In a footnote, McBurney noted that every witness had the ability to pause proceedings and consult with their attorneys outside the grand jury room, or have their lawyers elevate concerns to the supervising judge, but that it was a “poor and insufficient proxy for the right to have counsel present in the grand jury room.”
The special grand jury report was requested by Willis and will inform her decisions on whether or not to press charges against those she felt violated the law by trying to influence the election results. McBurney, calling the probe a “one-sided exploration,” said that information is “for the District Attorney’s eyes only — for now.”
“This special purpose grand jury investigation was, appropriately, largely controlled by the District Attorney,” he wrote. “She and her team decided who would be subpoenaed, when they would appear, what questions would be asked, and what aspects of the general election would be explored.”
But McBurney indicated that the recommendations would be kept sealed to protect the due process of those named in the report.
It’s a partial win for Willis, who agreed that witnesses’ due process should be protected but wanted the report to remain sealed in its entirety. Several media outlets, including the Associated Press and Atlanta News First, sued for the release of the full report.
In a statement issued Monday, Willis said the judge’s decision was “legally sound and consistent with my request” to protect the due process of those questioned in the probe.
It’s difficult to project the effects of the report without knowing who may or may not be indicted. Depending, the report could most certainly impact the Republican field heading into the 2024 race for the White House.
“If Donald Trump, it looks like, is going to be indicted, that might encourage others on the Republican side to say, yeah, I need to get in also,” said Dr. Charles Bullock, a political science professor with University of Georgia.
Only one other candidate besides Trump – former South Carolina governor Nikki Haley – has announced a presidential campaign on the GOP side.
“If [Trump] is named, then he will have to deal with this every time he makes appearances in the press,” said Dr. Ben Taylor, a political science professor at Kennesaw State University. “And that could, in some sense, get his campaign off to something of a rocky start.”
The case could also be a catapult for Willis’ future ambitions in politics or elsewhere.
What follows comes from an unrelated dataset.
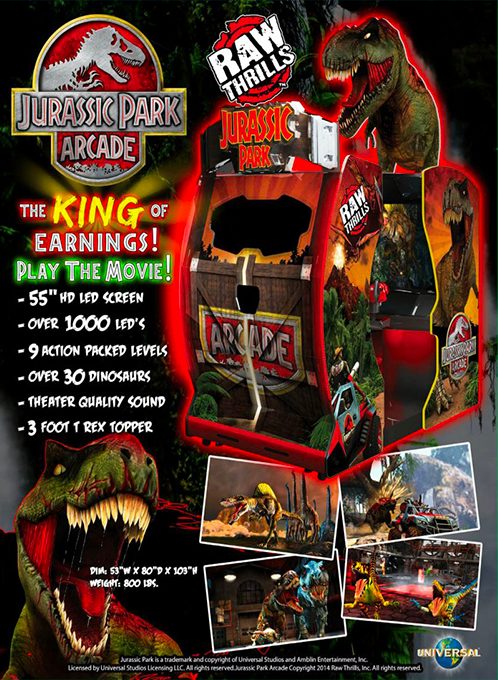 Jurassic Park Arcade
Bullock said it’s not uncommon for attorneys to use high-profile cases to garner a stronger national reputation.
It could also have implications for Georgia’s rapidly changing political landscape.
“This could also add to the competitiveness here in Georgia,” said Bullock. “If indeed there are some Republican leaders who get caught up in this – who are charged with criminal activities – that arguably would strengthen the hand of the Democratic party going forward and weaken the hand of the Republican party.”
The timing of the report’s release on Thursday still isn’t known.